I just wanna go back to The Ace, ASAP.

Tied

Tuesday, November 5th, 2013

On our tenth anniversary of being together, Hurly and I drove to the ritzy courthouse in St. Paul and got hitched. Like legally!

For someone who can hardly buy a bottle of spring water without wonder-worrying about its aesthetic impact on their life, I was surprisingly intent on keeping our big day totally low key. I wanted the focal point of our nuptials to be us and our love, not how expertly/obnoxiously art-directed and Design*Sponge-y every needless little detail was. Enough of my life is sacrificed ritually to the Style Gods above. A wedding day seems like it should be void of all that ego-driven energy.

I mean, I own American Apparel tote bags more expensive than my suit was. And I looked at dozens of rings but the one that excited me the most was a vintage, twenty-buck thing off etsy. From top to bottom, our wedding day remained remarkably immune to my otherwise omni-present materialism.

And although we had small-scale simplicity in mind from the beginning, that isn’t to say that plotting our wedding day was easy or stressless. Being among the first same-sex couples to be married in our state, Hurly and I were working without a template or set of traditions to follow that reflects our generation’s revamped definition of marriage.

We kept it simple, partly just because we’re two dudes who grew up figuring weddings were for everyone but people like us, but I really hope in the coming decade that same-sex couples will begin to establish their own thoughtful traditions for future generations to adopt. And that it gets easier and clearer to envision what a Guy on Guy wedding should/could be.

Once it finally went down, our own Guy on Guy day was great. I don’t remember what words our judge used to tell Hurly and I that it was finally legal and that we could kiss, but after we kissed, all I wanted was a hug. Not from my new husband, exactly – but from my old friend, from my favorite friend.

My first pet name for him was Treasure and the name of this blog actually (plus my whole life) is a wink and a nod to him.

Adventure Time

Tuesday, October 29th, 2013

As soon as the snow sticks around, I’m giving up (for a while) on Anna Karenina and cracking open my copy of Shadow on the Mountain.
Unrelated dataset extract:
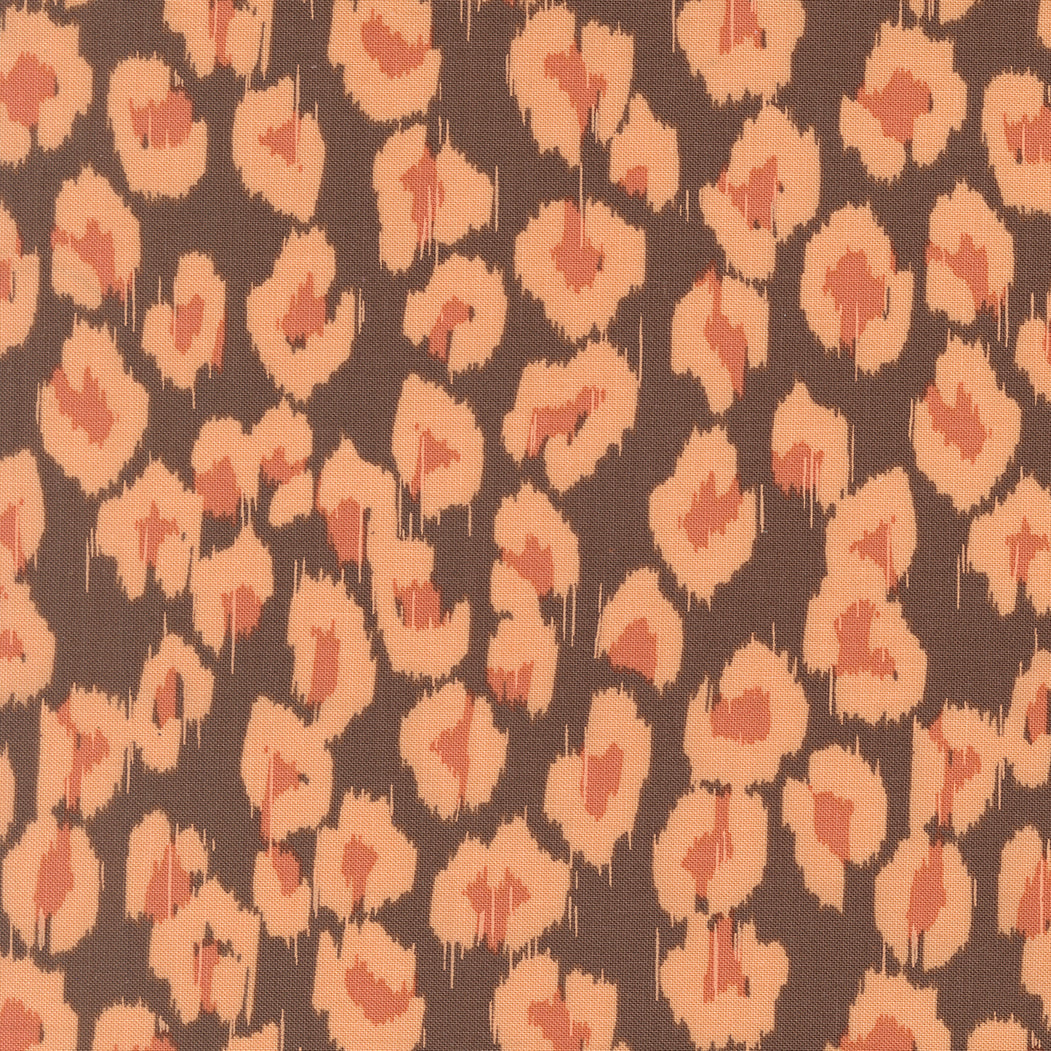 Sunlit Ruins Ikat Blenders Mauve by Jessica Rose for Moda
I spotted it at a Scandinavian pie shop in Wisconsin this summer and the first sentence and a half of the synopsis sold me.

Norway has been invaded by Nazi Germany! Fourteen-year old Espen
is quickly swept up into the world of wartime espionage…

That was it. That was all I’d needed to know. Shadow is just the kind of old-school boys adventure story I like to read once Christmas time starts a comin’ and winter picks up speed. 

And I didn’t even know/notice until literally six minutes ago that the inside is inked with Moonrise Kingdom-worthy maps, and lyrics, and pronunciation keys!

I really never figured I would’ve spied something so treasurable in an otherwise tasteless little pie shop.

The Magic Kingdom

Monday, April 1st, 2013

During our trip to L.A., Hurly understandably needed a break from all the non-stop shopping, so we made an impromptu visit to Disneyland one morning.

The best part about The Magic Kingdom to me is that much of it never changes. Although It’s A Small World was closed for renovations in order to make it less racist/retro/worth it. It seemed the maintenance crews were in the midst of repainting/priming the ride’s facade and I thought the wintery colorlessness made everything all the more striking.

The last time I’d been to Disneyworld I don’t think Captain EO had even come out. There was a 25 year anniversary re-release screening and it was everything that was perfect and absurd about the 80s in under 25 minutes. And also, the audience was way over 80 percent Asian.

My favorite ride was as a kid was The Matterhorn. It maybe still is, although now half the reason is probably cause I’m all about Alps-ish type fonts.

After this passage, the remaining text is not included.